[Records drawn from a dataset]
**********

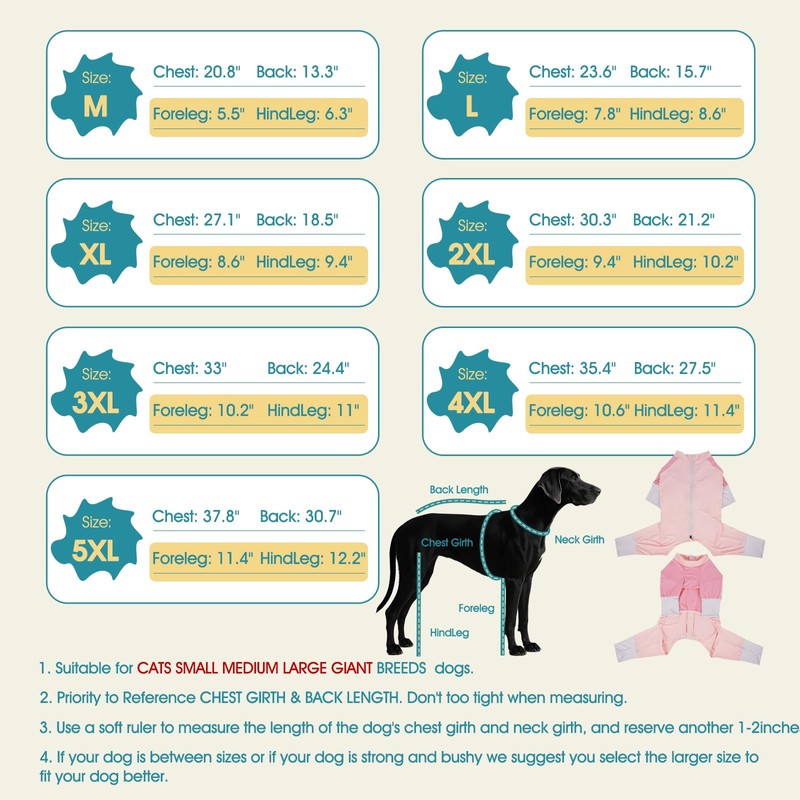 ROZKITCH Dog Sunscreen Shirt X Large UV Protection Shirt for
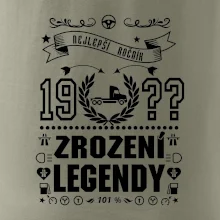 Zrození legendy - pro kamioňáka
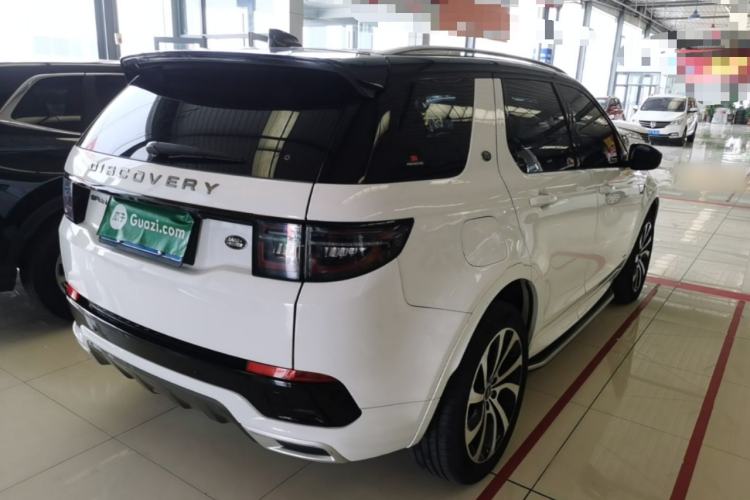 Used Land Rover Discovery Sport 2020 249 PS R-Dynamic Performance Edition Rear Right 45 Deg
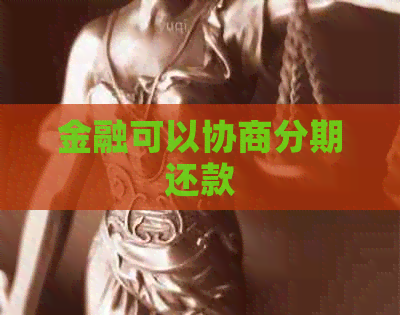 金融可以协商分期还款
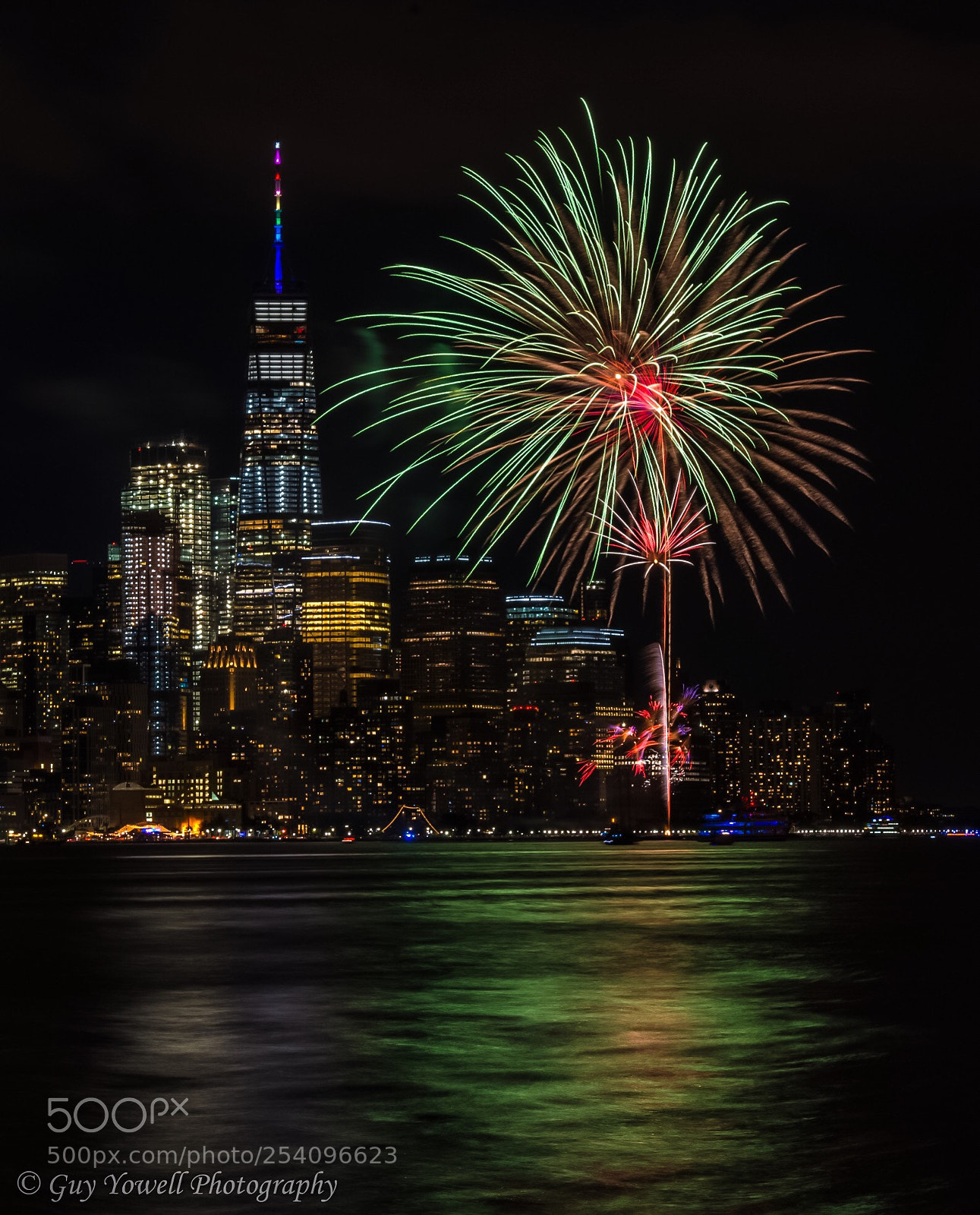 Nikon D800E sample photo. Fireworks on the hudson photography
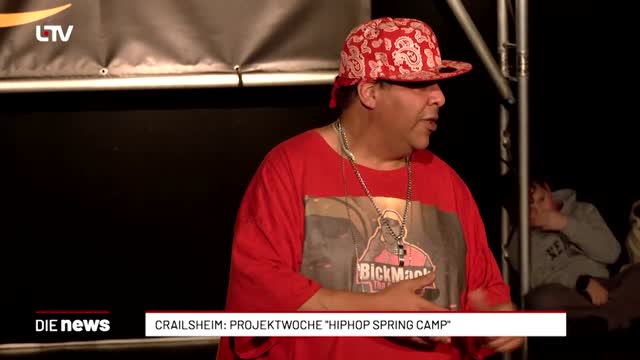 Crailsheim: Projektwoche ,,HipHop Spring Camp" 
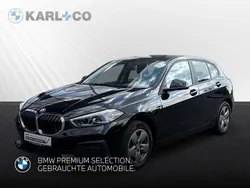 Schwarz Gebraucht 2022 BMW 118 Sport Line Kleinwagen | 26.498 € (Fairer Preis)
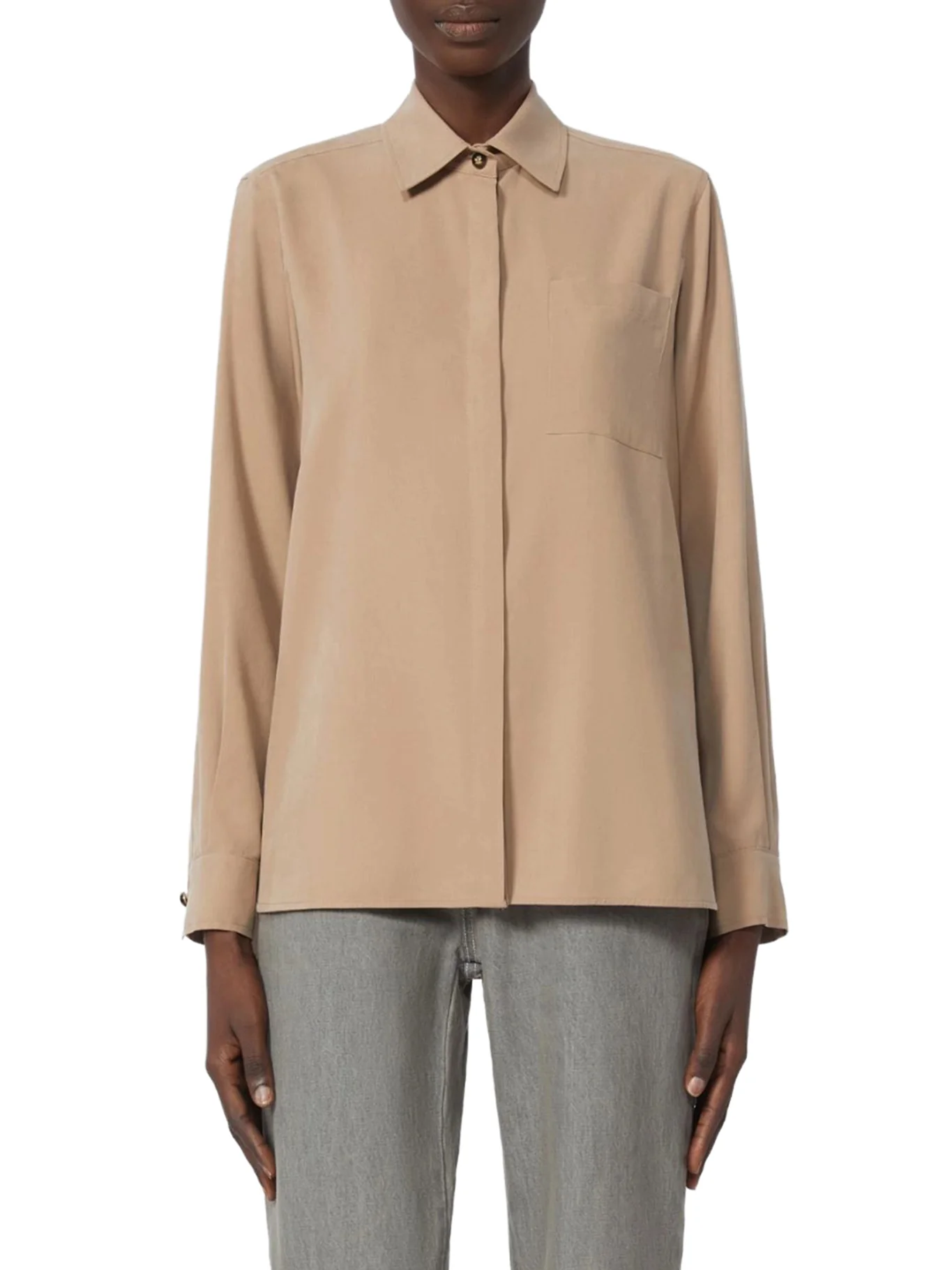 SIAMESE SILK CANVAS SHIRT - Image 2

**********

■ Work task ■
Copy the final stretch of the entries exactly: the line containing "Used Land Rover" and every line after it through the last. Include no pictures and nothing more.

■ Expected output ■
 Used Land Rover Discovery Sport 2020 249 PS R-Dynamic Performance Edition Rear Right 45 Deg
 金融可以协商分期还款
 Nikon D800E sample photo. Fireworks on the hudson photography
 Crailsheim: Projektwoche ,,HipHop Spring Camp" 
 Schwarz Gebraucht 2022 BMW 118 Sport Line Kleinwagen | 26.498 € (Fairer Preis)
 SIAMESE SILK CANVAS SHIRT - Image 2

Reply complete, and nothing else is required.